The pictures are from my seventh birthday and they make me cry. My mother found them the other day and originally thought they were from my fifth birthday, so she labeled the one she posted on Facebook that way. I looked at it and thought that was the last birthday I had while my father was alive. But I didn’t remember my father there for that birthday, and he’s not in any of the pictures. (Neither is my mom, but she’s rarely in the pictures — she took most of them.) Later my mother decided it was actually my seventh birthday (perhaps the label on the pictures tipped her off—they are labeled 5TH BIRTHDAY, but someone crossed out the 5 and replaced it with a 7), and then I thought that is a birthday when my father was dead.
It’s a little ridiculous that my reaction to the photos has nothing to do with me and everything to do with my father. In fact it was a wonderful birthday. Three friends came and got along, and we had a magician, a medical school classmate of my mom’s who did magic on the side. He pulled things from our ears and made them disappear, and to this day I’ve never seen a better magic show, maybe because that one was so small and happened right in front of our eyes. It was a good birthday, as all my birthdays but my sixth were, and my mother made it happen. But it’s hard now for me to look at any picture of my childhood and not measure it against my father’s presence or absence.
In a few short months my son will be five-and-a-half, the age I was when my father died. It’s like a clock counting down to that date, and the closer it gets the more I expect something awful to happen, though that makes no more sense. But I can’t help but look at him and wonder what he knows, what he remembers, what he will remember of this time.

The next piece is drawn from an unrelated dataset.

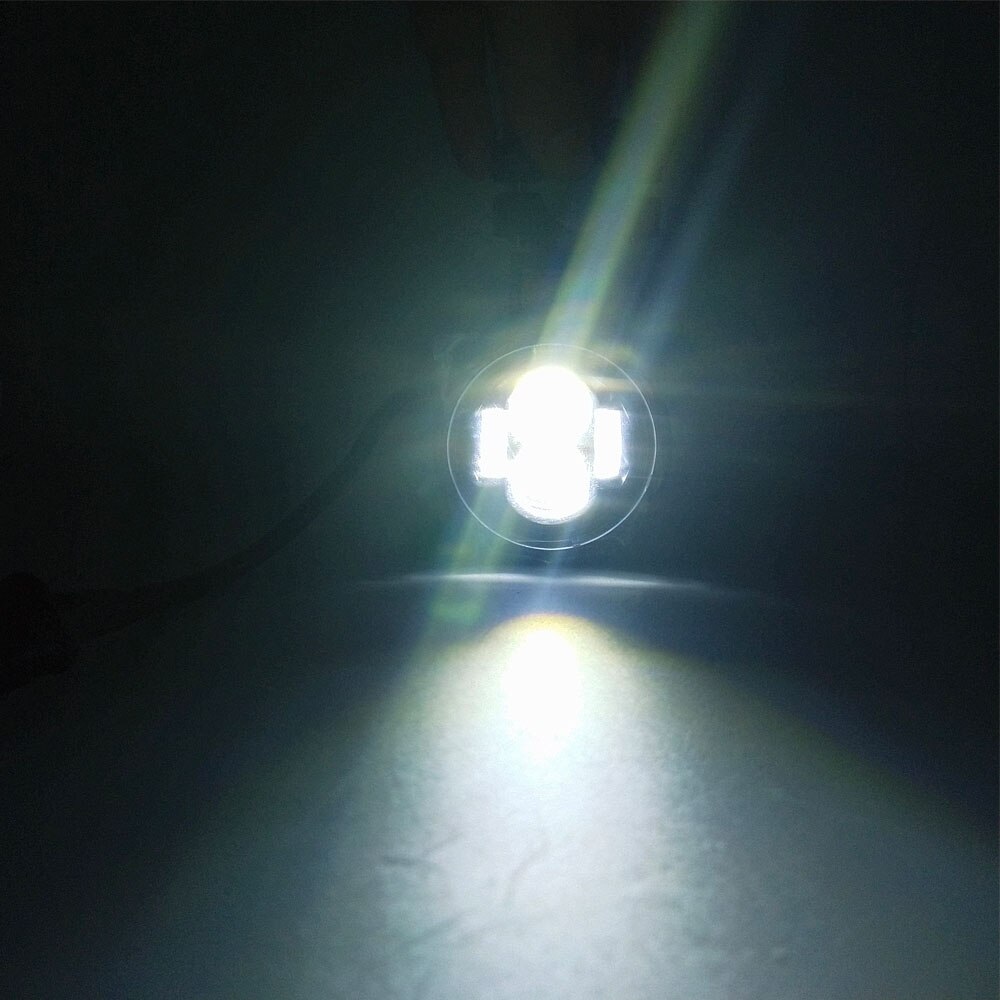 Universal Motorcycle LED Headlight Projector Lens ATV Scooter Driving Light DRL For Cafe Racer Light Auxiliary Spotlight Lamp.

The worst thing anyone has ever said to me is that it must not matter so much that my father died because I was too young when he died to remember him. Multiple people have said this to me, people who apparently remember nothing of being three and four and five. I pity them. I have so many memories of my father and of that time. I remember fishing for leaves with him off the limestone wall that marked the border of the college where he taught. In my memories it is always autumn there, as is appropriate for a small liberal arts college with old brick and stone buildings. My father always wears a long sleeves and a coat and tie and smokes a pipe, just like a professor in a book or a movie. I remember riding in the way back of the station wagon with my friend and my father saying pollylops and ephelants and giving us the mayonnaise jar full of peppermints and lemon drops, as many as we wanted, and we always wanted some of each. I remember watching tennis on television with my father as he sat in his Swedish modern chair, his pipe rack by his side and the black and white TV balanced on an end table across from his chair. Don’t ever tell me I do not remember him.

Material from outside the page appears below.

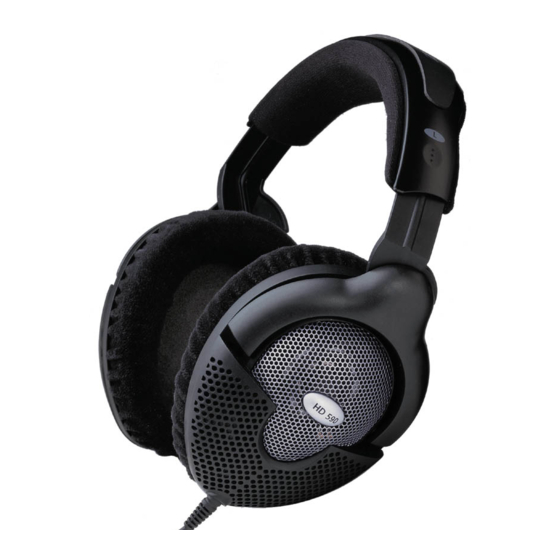 Sennheiser HD 590 Prestige Instructions For Use Manual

The first photo ever taken of me is actually a photo of my father. He is carrying me out of the hospital on a snowy night. My mother walks a few feet behind him. For years I assumed she must have taken the photo until the day I realized the dim figure in the background was her. It’s hard not to read that photo as symbolic: my life has been defined by my father, while my mother, who did all the work, is relegated to the background. If I were to stage a photo of how my life has actually been, my mother would be carrying me proudly, and my father would be a dim shadowy figure lowering behind. But that’s not the photo that was taken, by whomever took it — my grandmother? — and even though my photo is truer to my life, the actual photo has had its influence.

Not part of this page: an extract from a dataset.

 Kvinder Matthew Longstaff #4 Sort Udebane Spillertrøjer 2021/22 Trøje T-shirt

It’s hard for me not to imagine how my life might have gone if my father had lived. I know my parents would have divorced. I know in reality I would have grown up to argue with my father horribly, for he was, as one of his students described him to me, a Neanderthal in his beliefs (though I hear perhaps the Neanderthals were more advanced than we are). But it’s hard not to imagine the good times, the things we would have shared. Perhaps I would have grown up to love watching tennis and football. Perhaps we would have done translations together. Perhaps I would have applied myself more under his eye.
It’s no good to speculate, but it’s hard not to. In the meantime, the photos watch me watching them, daring me to look and see.